“Discover the Unexpected” interns “Charged Forward” with electrification through immersive experience
Chevrolet and the National Newspaper Publishers Association concluded their sixth year of “Discover the Unexpected,” a 10-week immersive internship and scholarship program for 11 HBCU students, five within marketing and six within journalism, to explore marketing roles focused on General Motors’ vision for an all-electric future and journalism with the NNPA.
“Chevrolet is honored to continue our partnership with the NNPA for DTU, providing HBCU students professional and personal growth opportunities,” said Steve Majoros, vice president of Chevrolet Marketing. “The fellows made an impact on our Chevy Marketing team as they navigated new experiences – including working with large corporations, virtual work environments and time management skills – and learned how to effectively convey the benefits of EVs to their local communities, all while exemplifying professionalism and passion.”
NNPA publishers across the country also hosted the six journalism fellows this summer. Students were exposed to print, broadcast, digital and photojournalism skills in addition to experiencing the Chevy Bolt EUV in person.
“The NNPA and Chevrolet partnership has been and continues to be extremely productive supporting aspiring journalists and amplifying their voices” said NNPA President and CEO Dr. Benjamin F. Chavis Jr. “Students worked alongside our renowned publishers for an in-depth experience while understanding how to bridge the gap between traditional and new-age journalism, and we cannot wait to see how their stories change EV myths within their communities.”

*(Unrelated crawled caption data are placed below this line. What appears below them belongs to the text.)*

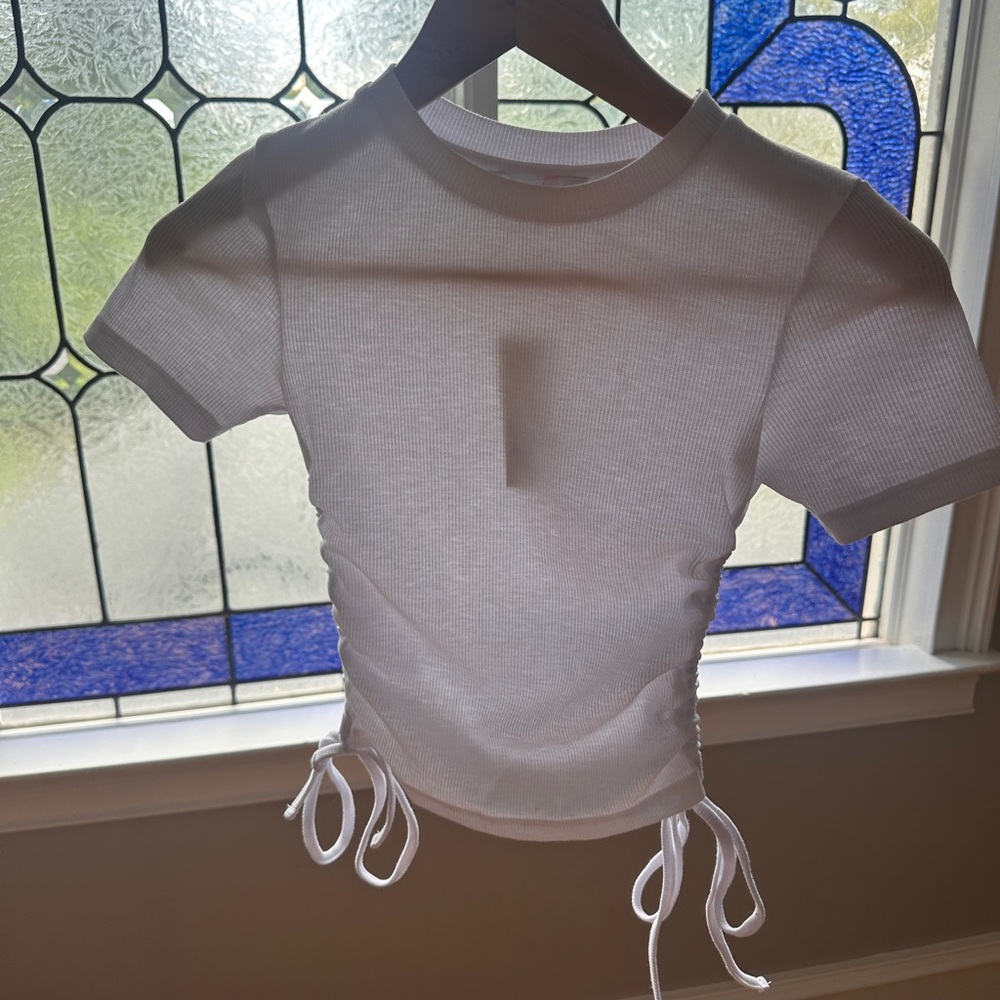 Francesca's Collections White Short Sleeve Tee - never worn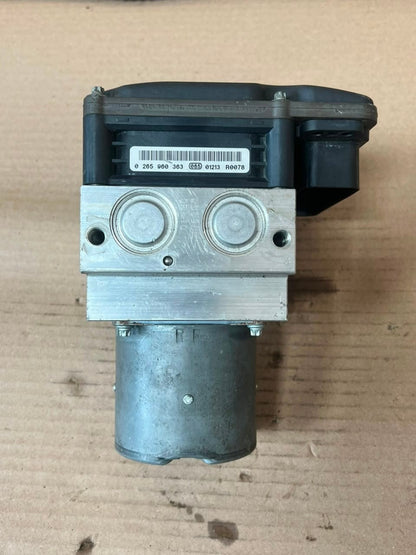 2010 BMW 5 Series F10 F11 4WD DXC DSC ABS CONTROL UNIT Pump 6799523 OEM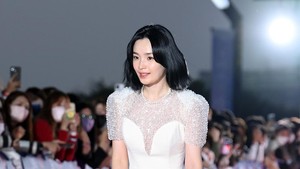 Simak Gaya Para Selebriti Korea di APAN Star Awards 2022, Penuh Pesona dan Elegan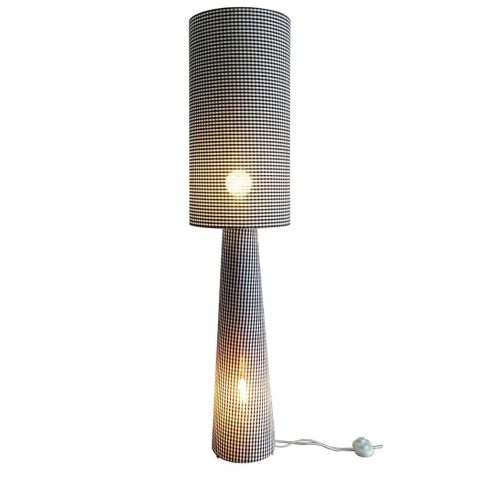 moderne-zwarte-fijnmazige-tafellamp-opjet-saturne-1
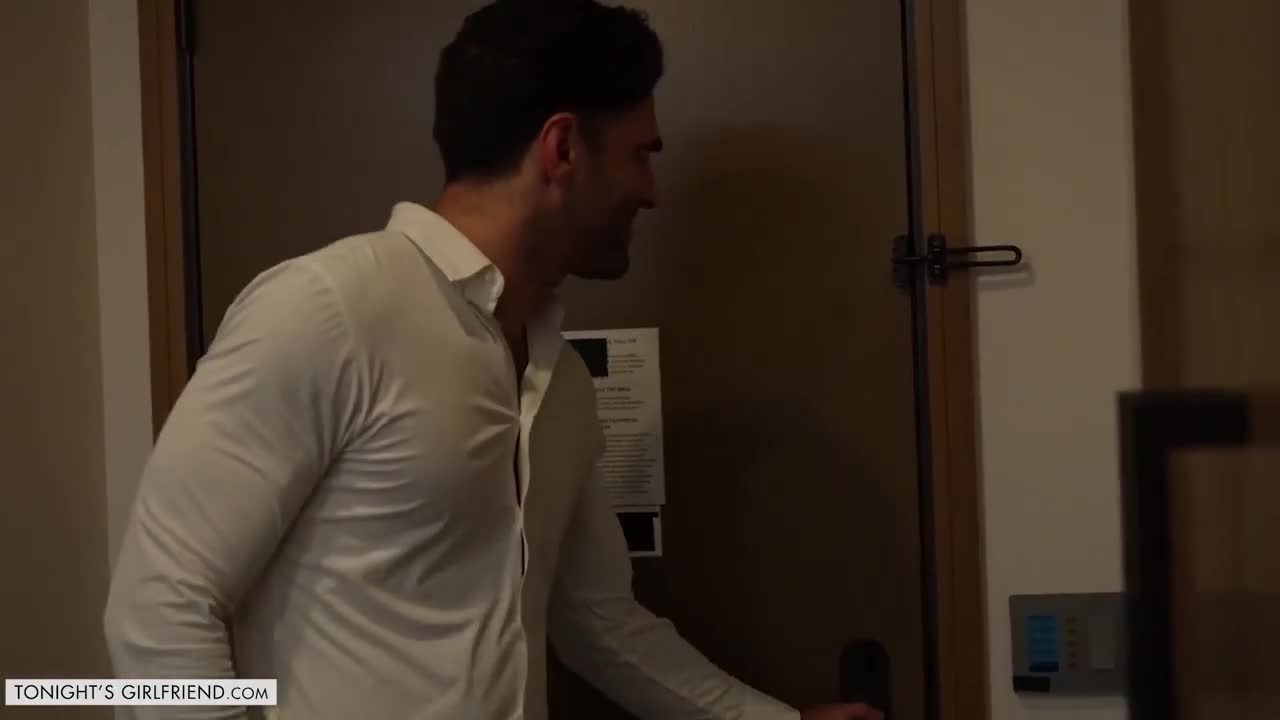 Watch Lucky Anne-And-Ken Feels-Tonight's Girlfriend-(Lucky Anne Gets Her Big Ass Worshipped By Huge Fan) Porn Video - ePornSup.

During the program, students had the opportunity to create content and engaging stories about the Chevy Bolt EUV, electrification and EV adoption, allowing them to act as change agents within their local communities.

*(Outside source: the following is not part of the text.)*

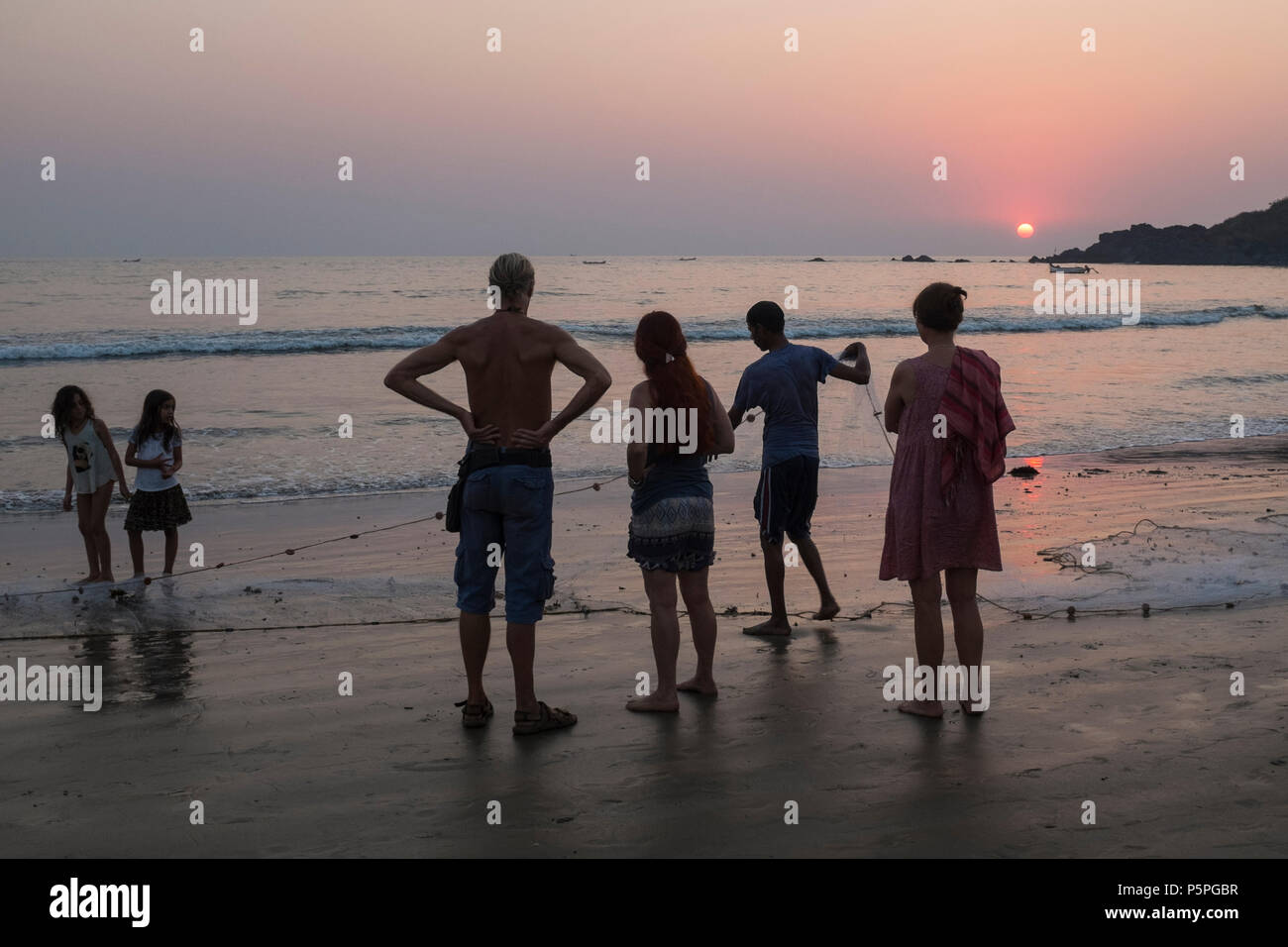 Coucher de soleil sur plage de Patnem, Goa, Inde Banque D'Images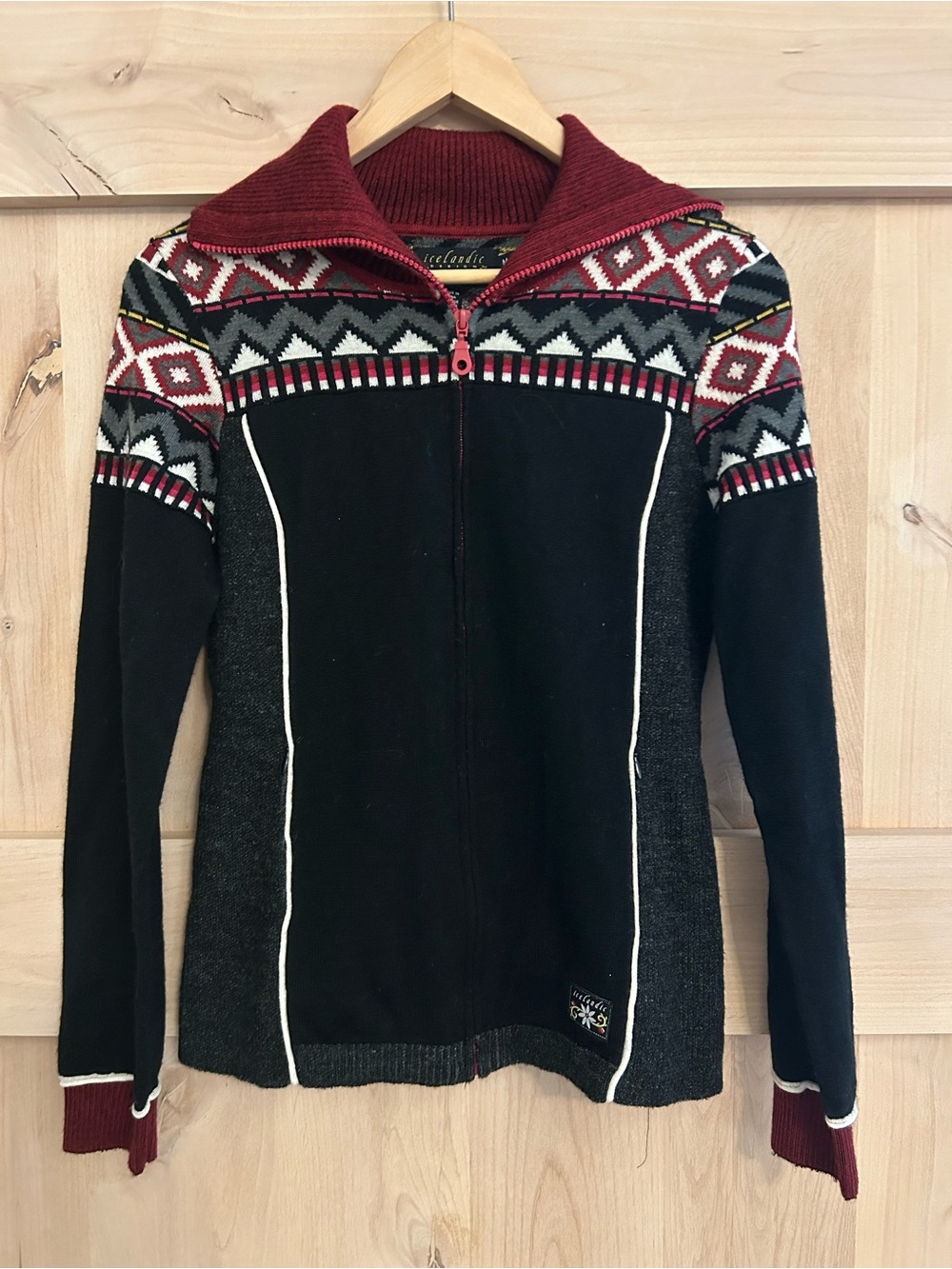 Icelandic Design Women’s wool blend Black Burgundy Nordic Zip-Up Sweater, M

2022 DTU fellow Antonio Andrews applied to DTU because he wanted to work with EVs. “The automotive industry is undergoing its largest transition since inception,” he noted. “To be able to give insight and have access to new and innovative concepts is a dream come true.”
The 2022 DTU program was amplified by notable industry mentors and esteemed alumni. Program ambassador Terrence J, American actor, model and entertainer, accompanied the students in New Orleans as they participated in The Big Easy Bolt Race, a curated team ride-and-drive scavenger hunt to learn about electrification in addition to Black history and New Orleans culture.
“As a graduate of North Carolina A&T State University with a mass communication degree, I understand the passion and enthusiasm that HBCU students bring to the table,” said Jenkins. “I was elated to work alongside these students and provide an opportunity to connect and motivate each of them into their future careers.”
Justin Shaifer, TV host, producer and STEM advocate, returned to DTU as the fellows’ mentor for the second year, encouraging students to “take what you’re asked to do and go above and beyond to operate with excellence at every step” during the program’s closing ceremonies in Detroit. He continued, “This is a phenomenal program, and it was an honor to be a part of these incredible young professionals.”
Reflecting on how the DTU program prepared him for his career at GM, former DTU fellow and current DMAX group leader Emmanuel Dorvil explained, “My foot was on the gas pedal for my career. I had to ensure I was always prepared, whether it involved vehicle releases or increasing multicultural diversity with EV consumption. The exposure of this program sets you apart – the ability to connect with others is what we need as aspiring young professionals.”
Chevrolet awarded each fellow a $10,000 scholarship and a $5,000 stipend. To date, DTU has provided 49 HBCU students more than $600,000.